Surging demand halts applications to low-interest loan program
by Paula Holzman
Central Penn Business Journal, June 18, 2009
A state-administered low-interest loan program to boost the state’s agriculture and tourism industries has temporarily stopped taking applications because demand has outstripped supply.
The First Industries Fund began in 2005 and included a $100 million revolving loan program funded by the Commonwealth Financing Authority (CFA) to support agriculture.
But that entire sum, in addition to all the loan repayments the fund has received of about $14 million, have been committed, said Scott Dunkelberger, executive director of the CFA.
“The demand has been tremendous for this program,” he said Wednesday. “As of last week, we’re closed for applications until such time that sufficient repayment allows us to open another round.”
He said he anticipated reopening the program toward the end of the year.
“We didn’t want folks counting on First Industries, only to be told there are no funds,” he said. “We’ve got just enough applications to use the money we have.”
The shrinking availability of credit and the reduction in risk to a private lender that comes with a First Industries Fund loan have contributed to the program’s popularity, Dunkelberger said.
But what caused a blizzard of applications was the CFA’s announcement that program interest rates would rise from 3 percent to 5 percent as of June 1, he said.
“We’ve had a run on the bank in the last two months, and certainly in the last 30 days,” Dunkelberger said.

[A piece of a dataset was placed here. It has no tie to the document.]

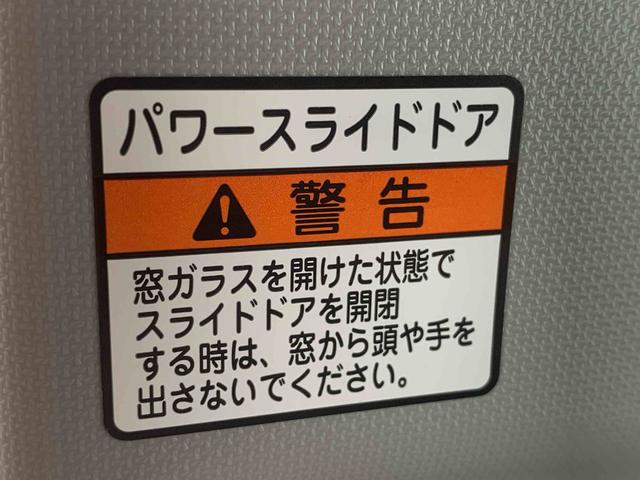 ムーヴX ディスプレイオーディオまごころ保証1年付き 記録簿 取扱説明書 バックカメラ 衝突被害軽減システム スマートキー オートマチックハイビーム レーンアシスト ワンオーナー エアバッグ エアコン パワーステアリング ABS(静岡県)の中古車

Under program guidelines, farmers may receive loans of up to $200,000 or up to half the value of a given project, whichever is less, for a land purchase. Before June 1, farmers could receive loans for equipment or machinery of up to $5 million; the CFA lowered that ceiling to $500,000 as of June 1, Dunkelberger said.

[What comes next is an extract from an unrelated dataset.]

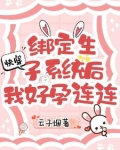 快穿：绑定生子系统后我好孕连连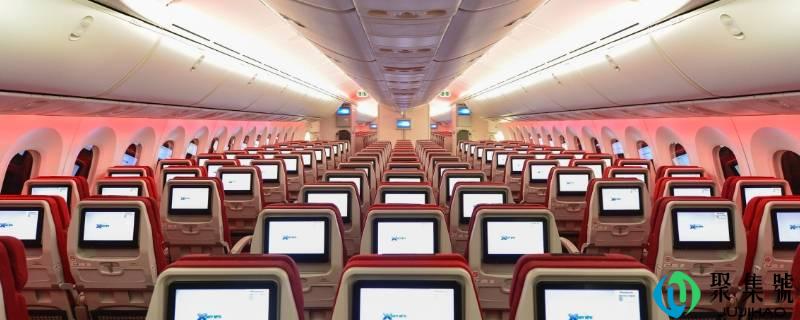 公务舱是不是头等舱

Many of both types of loans have gone to midstate farms and agribusiness, particularly in Lancaster County.
Lancaster County has accounted for 24 percent of the combined public and private investment in projects funded by the loans, said Lyle Hosler, project manager with the Economic Development Company of Lancaster County (EDC), which administers the program there.
The EDC has secured $16.7 million from the fund since it began in 2005 — a total of 82 projects spanning 6,317 acres of county land.
“The Economic Development Company of Lancaster has done an excellent job in packaging this program,” Dunkelberger said.
Among the recipients were Scott and Jennifer Gochenaur, who used their $200,000 First Industries Fund loan to help purchase a 21-acre farm in Mount Joy Township, where they now are raising 120,000 laying hens.
Using the First Industries loan has saved the Lancaster County family about $6,000 a year, Scott Gochenaur said.
The family still would have been able to buy the property without the First Industries loan, but Gochenaur said some other people might not be able to afford a land or equipment purchase without it.
“It’s tight now for farmers,” said Juanita Garber, a Cumberland County dairy farmer who benefitted from a First Industries Fund loan last year. “Hopefully, the fund will come back again or there will be a fund of a similar setup.”
Garber and her husband, Zane, used the loan to purchase a 150-acre farm in Southampton Township, which they named Rock Solid Dairy.
“I feel sorry for those who can’t get (these loans),” she said.
Lancaster County dairy farmer Joe Garber said although it’s a difficult time for agriculture statewide, he sees a bright spot in demand for the loans outpacing supply.
“What that tells me is that the banks are supporting this concept,” said Garber, who received a $500,000 equipment loan to upgrade the milking parlor at Spring Lawn Farm, the 128-acre Pequea Township dairy he owns with his brother and son.
What a reopened First Industries Fund loan program might look like — especially in terms of volume — remains uncertain.
“Things are tough all around with the revenue shortfall with the state,” Dunkelberger said. “I don’t see a lot of room for any recapitalization through direct investment or appropriations. We’re going to have to get creative.”